Leveraging Neural Radiance Field in Descriptor Synthesis for Keypoints Scene Coordinate Regression
This work addresses data scarcity in visual localization for applications like robotics or AR, offering a modular solution, though it is incremental as it builds on existing KSCR and NeRF methods.
The paper tackles the problem of limited data hindering keypoint scene coordinate regression (KSCR) for visual localization by proposing a pipeline that uses Neural Radiance Field (NeRF) to synthesize keypoint descriptors from novel poses, improving generalization in data-scarce environments and boosting localization accuracy by up to 50%.

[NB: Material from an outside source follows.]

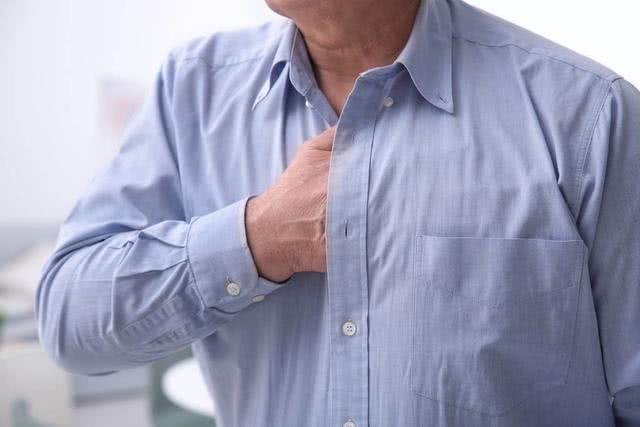 戒烟:老烟民注意:身上若有“1粗、2黑、3痛”,提醒你应该赶快戒烟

Classical structural-based visual localization methods offer high accuracy but face trade-offs in terms of storage, speed, and privacy. A recent innovation, keypoint scene coordinate regression (KSCR) named D2S addresses these issues by leveraging graph attention networks to enhance keypoint relationships and predict their 3D coordinates using a simple multilayer perceptron (MLP). Camera pose is then determined via PnP+RANSAC, using established 2D-3D correspondences. While KSCR achieves competitive results, rivaling state-of-the-art image-retrieval methods like HLoc across multiple benchmarks, its performance is hindered when data samples are limited due to the deep learning model's reliance on extensive data. This paper proposes a solution to this challenge by introducing a pipeline for keypoint descriptor synthesis using Neural Radiance Field (NeRF). By generating novel poses and feeding them into a trained NeRF model to create new views, our approach enhances the KSCR's generalization capabilities in data-scarce environments. The proposed system could significantly improve localization accuracy by up to 50% and cost only a fraction of time for data synthesis. Furthermore, its modular design allows for the integration of multiple NeRFs, offering a versatile and efficient solution for visual localization. The implementation is publicly available at: https://github.com/ais-lab/DescriptorSynthesis4Feat2Map.